Question

List I describes thermodynamic processes in four different systems. List II gives the magnitudes (either exactly or as a close approximation) of possible changes in the internal energy of the system due to the process.

	List -I		List -II
(I)	${10}^{–3}\text{kg}$ of water at ${100}^{\circ }C$ is converted to steam at the same temperature, at a pressure of ${10}^5\text{Pa}$. The volume of the system changes from ${10}^{–6}$ to ${10}^{–3}$ in the process. Latent heat of water $=2250\text{kJ/kg}$.	(P)	$2\text{kJ}$
(II)	$0.2$ moles of a rigid diatomic ideal gas with volume $V$ at temperature $500\text{K}$ undergoes an isobaric expansion to volume $3V$. Assume $R=8.0{\text{J mol}}^{-1}{K}^{-1}$.	(Q)	$7\text{kJ}$
(III)	One mole of a monoatomic ideal gas is compressed adiabatically from volume $V=\frac{1}{3}{\text{m}}^3$ and pressure $2\text{kPa}$ to volume $\frac{V}{8}$	(R)	$4\text{kJ}$
(IV)	Three moles of a diatomic ideal gas whose molecules can vibrate, is given $9\text{kJ}$ of heat and undergoes isobaric expansion.	(S)	$5\text{kJ}$
		(T)	$3\text{kJ}$

Which one of the following options is correct?

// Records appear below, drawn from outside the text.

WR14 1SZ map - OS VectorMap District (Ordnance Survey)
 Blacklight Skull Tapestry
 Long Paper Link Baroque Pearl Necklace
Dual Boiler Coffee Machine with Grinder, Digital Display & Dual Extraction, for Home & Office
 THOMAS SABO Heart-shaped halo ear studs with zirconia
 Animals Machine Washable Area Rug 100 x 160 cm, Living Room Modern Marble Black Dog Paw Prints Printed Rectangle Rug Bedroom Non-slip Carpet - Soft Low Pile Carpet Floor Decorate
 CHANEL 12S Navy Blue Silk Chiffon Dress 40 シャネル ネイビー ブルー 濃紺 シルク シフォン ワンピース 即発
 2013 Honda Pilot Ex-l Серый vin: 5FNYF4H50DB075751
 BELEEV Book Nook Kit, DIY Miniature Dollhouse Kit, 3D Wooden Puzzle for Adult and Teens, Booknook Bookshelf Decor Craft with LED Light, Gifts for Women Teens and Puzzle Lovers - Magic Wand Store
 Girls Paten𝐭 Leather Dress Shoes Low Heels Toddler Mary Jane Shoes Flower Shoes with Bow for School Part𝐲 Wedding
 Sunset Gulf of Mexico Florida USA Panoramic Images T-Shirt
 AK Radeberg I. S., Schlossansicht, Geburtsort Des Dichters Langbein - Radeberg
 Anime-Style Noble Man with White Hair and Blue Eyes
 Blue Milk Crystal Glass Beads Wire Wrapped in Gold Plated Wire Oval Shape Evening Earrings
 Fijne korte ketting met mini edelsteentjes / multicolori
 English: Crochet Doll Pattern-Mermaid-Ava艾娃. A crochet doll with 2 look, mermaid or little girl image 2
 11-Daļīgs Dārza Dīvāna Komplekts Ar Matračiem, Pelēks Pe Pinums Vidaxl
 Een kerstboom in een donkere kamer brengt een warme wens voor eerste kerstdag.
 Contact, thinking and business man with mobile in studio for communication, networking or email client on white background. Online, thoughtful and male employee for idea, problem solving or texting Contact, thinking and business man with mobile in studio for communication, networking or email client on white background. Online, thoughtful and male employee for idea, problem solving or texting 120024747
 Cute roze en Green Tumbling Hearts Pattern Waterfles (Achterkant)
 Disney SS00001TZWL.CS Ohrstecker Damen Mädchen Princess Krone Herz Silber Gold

• A. $I\to S,II\to P,III\to T,IV\to P$
• B. $I\to Q,II\to R,III\to S,IV\to T$
• C. $I\to T,II\to R,III\to S,IV\to Q$
• D. $I\to P,II\to R,III\to T,IV\to Q$

Answer 1

The correct option is D $I\to P,II\to R,III\to T,IV\to Q$

$\left(1\right)$ As we know that,
$W=P\Delta V={10}^5({10}^{-3}-{10}^{-6})\text{J}=100({10}^{-3}-{10}^6)\text{kJ}=0.1\text{kJ}$
Also, $Q=mL={10}^{-3}\left(2250\right)=2.25\text{kJ}$
Thus, we have
$\Delta U=Q-W\Rightarrow \Delta U=2.25-0.1=2.15\text{kJ}\simeq 2\text{kJ}$

$\left(2\right)$
For isobaric expansion
$V\propto T$
$\Rightarrow \frac{V_1}{V_2}=\frac{T_1}{T_2}\Rightarrow \frac{V}{3V}=\frac{500}{T_2}\Rightarrow T_2=1500\text{K}$
and $\Delta U=n{C}_v\Delta T$
$=0.2\times \frac{5}{2}R\times (1500-500)=0.2\times 40\left(500\right)=40\times 100=4\text{kJ}$

$\left(3\right)$
For adiabatic expansion, $(\gamma =\frac{5}{3})$
and,
$P_1{V}_1^{\gamma }=P_2{V}_2^{\gamma }$
$\Rightarrow P_1(V{)}^{5/3}=P_2{\left(\frac{V}{8}\right)}^{5/3}$
$\Rightarrow P_2=\left(8^{5/3}\right)P_1=32P_1=64\text{kPa}$
Now, we have
$\Delta U=\frac{nR\left(\Delta T\right)}{\gamma -1}$
$=\frac{P_2{V}_2-P_1{V}_1}{\gamma -1}=\frac{\frac{64V}{8}-2V}{\frac{5}{3}-1}=\frac{6V}{\left(\frac{2}{3}\right)}=\frac{18V}{2}=9V=9\times \frac{1}{3}=3\text{kJ}$

$\left(4\right)$
For isobaric expansion,
$\Delta U=n{C}_v\Delta T$
$=\frac{5}{2}nR\Delta T$
$C_V=\frac{f}{2}R=\frac{7}{2}R$
$Q=n{C}_P\Delta T=\frac{9}{2}nR\Delta T$
$\Delta U=n{C}_V\Delta T=\frac{7}{2}nR\Delta T$
$\frac{Q}{\Delta U}=\frac{9}{7}$
$\Delta U=\frac{7}{9}Q=\frac{7}{9}\times 9\text{kJ}=7\text{kJ}$
Hence option $\left(C\right)$ is correct.